» **Task item**
Among the entries that follow, locate the line with "a bedroom with" and the line with "WW2 casco militar". Output those lines and all lines in between, exactly, minus the pictures.

» **Data for analysis**
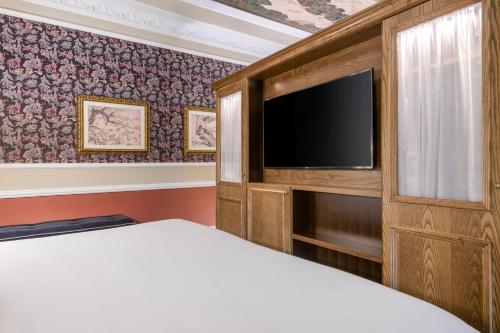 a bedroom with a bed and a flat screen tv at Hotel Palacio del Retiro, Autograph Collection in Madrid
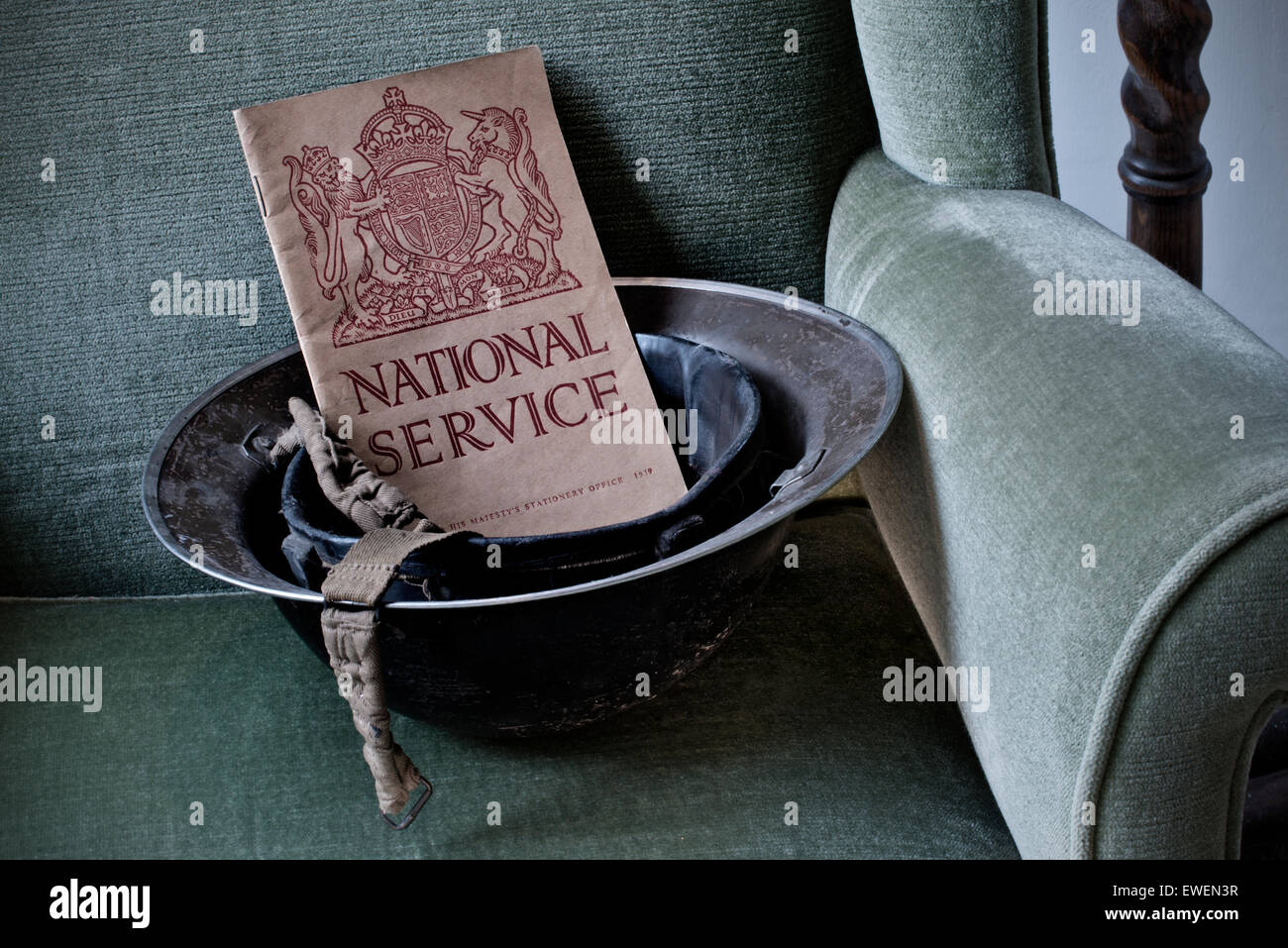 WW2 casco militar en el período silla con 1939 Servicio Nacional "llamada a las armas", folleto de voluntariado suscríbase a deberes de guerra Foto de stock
--
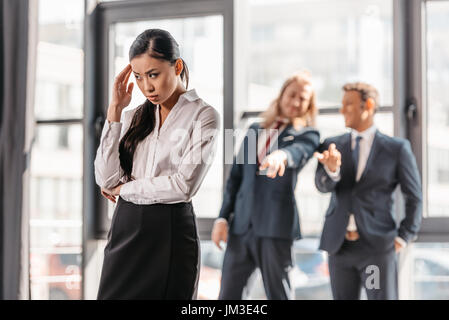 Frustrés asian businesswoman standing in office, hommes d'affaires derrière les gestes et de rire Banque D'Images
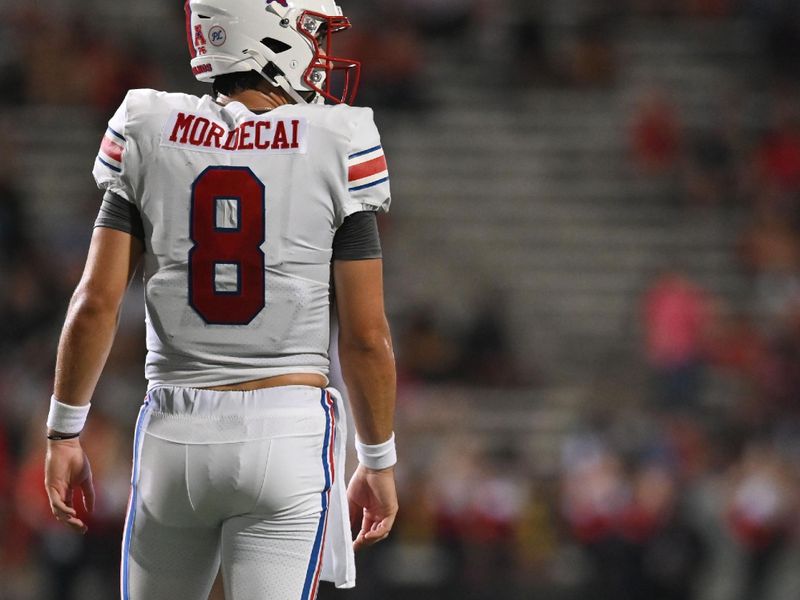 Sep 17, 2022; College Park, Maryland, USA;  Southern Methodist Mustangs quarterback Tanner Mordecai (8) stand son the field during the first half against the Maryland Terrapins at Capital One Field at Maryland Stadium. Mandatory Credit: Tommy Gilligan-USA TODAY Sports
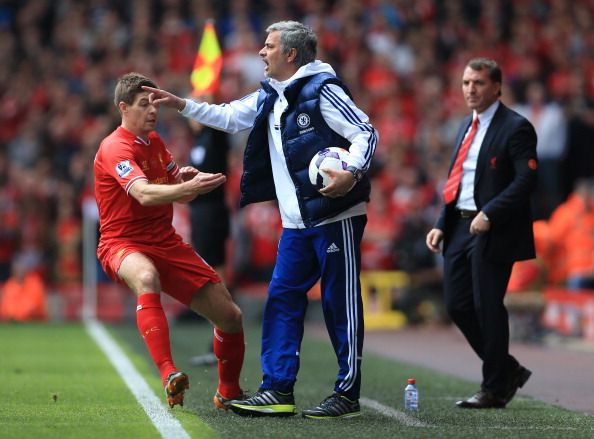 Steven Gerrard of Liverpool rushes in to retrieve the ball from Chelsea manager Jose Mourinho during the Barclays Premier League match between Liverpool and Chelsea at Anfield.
* * *
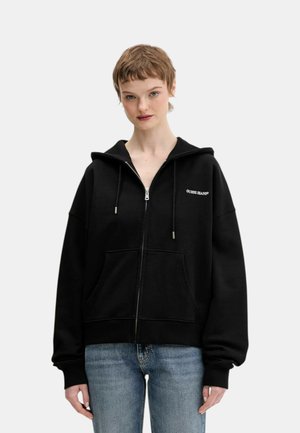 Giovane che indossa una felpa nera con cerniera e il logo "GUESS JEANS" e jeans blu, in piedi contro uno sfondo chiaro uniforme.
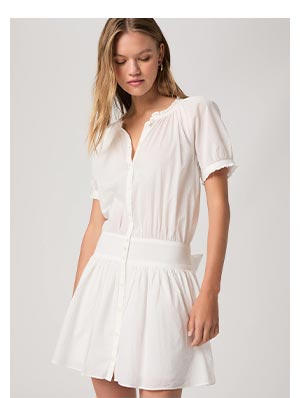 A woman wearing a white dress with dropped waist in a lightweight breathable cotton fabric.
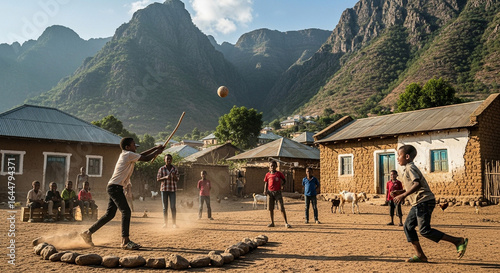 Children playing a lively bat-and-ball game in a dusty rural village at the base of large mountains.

» **Answer below**
 a bedroom with a bed and a flat screen tv at Hotel Palacio del Retiro, Autograph Collection in Madrid
 WW2 casco militar en el período silla con 1939 Servicio Nacional "llamada a las armas", folleto de voluntariado suscríbase a deberes de guerra Foto de stock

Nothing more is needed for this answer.